◆ **EXERCISE PROMPT**:
Would you return, word for word, the lines of the data below from the line with "Rock Solid Adjustable" through the line with "Shetland Sheepdog Wreath", and no others?

◆ **EXTRACTED INFORMATION**:
%%

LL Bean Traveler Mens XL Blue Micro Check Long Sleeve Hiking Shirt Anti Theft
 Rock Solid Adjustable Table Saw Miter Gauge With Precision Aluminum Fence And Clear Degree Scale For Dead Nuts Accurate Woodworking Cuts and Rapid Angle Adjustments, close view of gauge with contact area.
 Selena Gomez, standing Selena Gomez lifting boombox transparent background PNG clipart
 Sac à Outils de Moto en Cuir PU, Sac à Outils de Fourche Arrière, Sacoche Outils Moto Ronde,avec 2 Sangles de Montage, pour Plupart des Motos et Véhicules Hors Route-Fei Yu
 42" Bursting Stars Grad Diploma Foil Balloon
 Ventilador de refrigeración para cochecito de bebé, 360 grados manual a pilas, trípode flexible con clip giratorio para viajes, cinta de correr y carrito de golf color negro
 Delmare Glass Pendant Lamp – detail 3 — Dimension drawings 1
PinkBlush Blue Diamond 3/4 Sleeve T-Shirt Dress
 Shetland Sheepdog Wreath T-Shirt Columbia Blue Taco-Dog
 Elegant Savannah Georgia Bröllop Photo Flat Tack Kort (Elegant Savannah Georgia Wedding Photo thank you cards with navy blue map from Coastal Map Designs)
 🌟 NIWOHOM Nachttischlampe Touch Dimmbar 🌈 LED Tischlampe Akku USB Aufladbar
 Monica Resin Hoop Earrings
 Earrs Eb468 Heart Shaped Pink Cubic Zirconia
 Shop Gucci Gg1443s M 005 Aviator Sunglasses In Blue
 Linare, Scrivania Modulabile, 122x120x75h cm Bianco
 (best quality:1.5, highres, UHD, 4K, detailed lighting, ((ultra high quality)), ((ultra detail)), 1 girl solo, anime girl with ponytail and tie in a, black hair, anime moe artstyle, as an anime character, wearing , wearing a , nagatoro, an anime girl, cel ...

%%

◆ **YOUR RESPONSE**:
 Rock Solid Adjustable Table Saw Miter Gauge With Precision Aluminum Fence And Clear Degree Scale For Dead Nuts Accurate Woodworking Cuts and Rapid Angle Adjustments, close view of gauge with contact area.
 Selena Gomez, standing Selena Gomez lifting boombox transparent background PNG clipart
 Sac à Outils de Moto en Cuir PU, Sac à Outils de Fourche Arrière, Sacoche Outils Moto Ronde,avec 2 Sangles de Montage, pour Plupart des Motos et Véhicules Hors Route-Fei Yu
 42" Bursting Stars Grad Diploma Foil Balloon
 Ventilador de refrigeración para cochecito de bebé, 360 grados manual a pilas, trípode flexible con clip giratorio para viajes, cinta de correr y carrito de golf color negro
 Delmare Glass Pendant Lamp – detail 3 — Dimension drawings 1
PinkBlush Blue Diamond 3/4 Sleeve T-Shirt Dress
 Shetland Sheepdog Wreath T-Shirt Columbia Blue Taco-Dog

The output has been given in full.